When you look at a map, you have to think beyond the science of longitude and latitude. Maps are hugely subjective; they don’t just fulfil a geographical purpose. For example, they’ve often been used for self-aggrandisement by national leaders, who seek to impress upon others their status as ruler over a “great” land. Imperial rulers would demand that their conquests be signified on official maps; kings of relatively small countries tried to compensate for size by insisting national cultural and scientific achievements be emphasised by cartographers. Maps have also been used as pieces of political satire, as propagandist artefacts that tell contemporary audiences a great deal about the geopolitical climate that informed their creation.

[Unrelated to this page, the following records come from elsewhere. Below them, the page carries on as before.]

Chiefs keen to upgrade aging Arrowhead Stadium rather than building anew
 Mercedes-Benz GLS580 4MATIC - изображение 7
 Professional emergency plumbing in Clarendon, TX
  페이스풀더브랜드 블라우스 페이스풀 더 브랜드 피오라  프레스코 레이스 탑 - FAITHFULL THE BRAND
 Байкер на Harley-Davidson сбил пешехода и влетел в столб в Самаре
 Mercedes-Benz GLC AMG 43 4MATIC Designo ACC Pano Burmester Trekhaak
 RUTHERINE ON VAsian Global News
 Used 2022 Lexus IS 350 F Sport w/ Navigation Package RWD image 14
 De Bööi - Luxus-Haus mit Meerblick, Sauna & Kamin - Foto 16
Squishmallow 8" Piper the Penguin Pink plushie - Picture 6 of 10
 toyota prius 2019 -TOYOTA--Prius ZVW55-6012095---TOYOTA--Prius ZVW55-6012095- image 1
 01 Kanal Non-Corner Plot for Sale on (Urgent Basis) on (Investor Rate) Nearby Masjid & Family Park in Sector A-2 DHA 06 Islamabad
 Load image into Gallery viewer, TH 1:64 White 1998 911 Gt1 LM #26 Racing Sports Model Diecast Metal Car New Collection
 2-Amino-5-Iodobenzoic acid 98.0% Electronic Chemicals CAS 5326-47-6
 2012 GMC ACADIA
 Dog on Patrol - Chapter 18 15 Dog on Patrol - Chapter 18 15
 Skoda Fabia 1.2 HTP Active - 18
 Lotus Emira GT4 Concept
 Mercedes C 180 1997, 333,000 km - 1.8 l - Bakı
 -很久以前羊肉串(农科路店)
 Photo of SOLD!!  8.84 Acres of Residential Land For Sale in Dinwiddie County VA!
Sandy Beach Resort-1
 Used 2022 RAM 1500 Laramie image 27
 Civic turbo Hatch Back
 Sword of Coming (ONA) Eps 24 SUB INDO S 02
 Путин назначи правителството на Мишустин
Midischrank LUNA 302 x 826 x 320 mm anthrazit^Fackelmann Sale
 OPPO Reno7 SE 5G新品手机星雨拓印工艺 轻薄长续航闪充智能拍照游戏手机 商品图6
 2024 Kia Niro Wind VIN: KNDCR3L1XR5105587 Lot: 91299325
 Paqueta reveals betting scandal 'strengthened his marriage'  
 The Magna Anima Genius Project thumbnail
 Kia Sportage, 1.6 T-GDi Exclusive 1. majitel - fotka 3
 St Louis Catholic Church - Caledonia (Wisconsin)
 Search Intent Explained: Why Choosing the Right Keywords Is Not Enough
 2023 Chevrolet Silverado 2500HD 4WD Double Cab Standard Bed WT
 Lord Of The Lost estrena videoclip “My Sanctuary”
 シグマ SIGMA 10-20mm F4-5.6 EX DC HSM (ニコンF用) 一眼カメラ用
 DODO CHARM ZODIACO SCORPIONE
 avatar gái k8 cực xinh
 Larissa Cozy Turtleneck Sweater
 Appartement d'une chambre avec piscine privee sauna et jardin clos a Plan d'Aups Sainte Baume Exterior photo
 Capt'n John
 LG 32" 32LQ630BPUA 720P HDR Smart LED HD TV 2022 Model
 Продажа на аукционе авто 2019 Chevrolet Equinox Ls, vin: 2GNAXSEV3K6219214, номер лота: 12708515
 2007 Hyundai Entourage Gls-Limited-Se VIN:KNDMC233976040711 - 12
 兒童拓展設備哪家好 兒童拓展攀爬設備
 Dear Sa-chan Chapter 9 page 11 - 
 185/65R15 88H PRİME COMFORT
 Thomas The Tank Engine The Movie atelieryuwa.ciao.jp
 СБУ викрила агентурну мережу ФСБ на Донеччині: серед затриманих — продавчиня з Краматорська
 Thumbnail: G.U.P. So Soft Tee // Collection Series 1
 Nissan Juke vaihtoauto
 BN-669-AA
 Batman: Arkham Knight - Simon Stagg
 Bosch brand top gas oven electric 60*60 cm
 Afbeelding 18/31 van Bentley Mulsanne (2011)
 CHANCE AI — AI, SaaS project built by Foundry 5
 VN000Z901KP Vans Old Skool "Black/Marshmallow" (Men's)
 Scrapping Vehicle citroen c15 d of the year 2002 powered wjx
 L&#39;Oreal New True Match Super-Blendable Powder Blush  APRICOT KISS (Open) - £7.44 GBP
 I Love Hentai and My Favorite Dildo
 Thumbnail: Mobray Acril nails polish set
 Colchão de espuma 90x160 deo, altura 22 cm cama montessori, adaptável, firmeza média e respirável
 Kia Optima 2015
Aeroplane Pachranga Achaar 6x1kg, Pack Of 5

Some favourites from the exhibition:
Detail from Stephen Walter’s The Island, which satirises the London-centric view held by people in the capital. Commuter towns are shown as independent from the city, which appears to be its own country. Note the intricate detail in the second picture.
Dimitri Moor’s Be On Guard! shows a heroic Soviet soldier warding off bourgeois threats to the then infant USSR.
Macdonald Gill’s Tea Revives the World (1940) is my personal favourite. The message is that tea, and by extension the Allied war effort, can cure a sick world. The map is unashamedly imperialistic in its proud demonstration of Britain’s economic and colonial dominance. I guess Gill didn’t anticipate the decline of the British Empire in the post-war period.
Confiance was made in Vichy France to demonise Churchill as a land-grabbing octopus, whose tentacles needed to be severed by the Axis powers. The octopus motif is a pretty common one; it was first used in cartography to show the imperialist threat posed by the Russians in the late nineteenth century.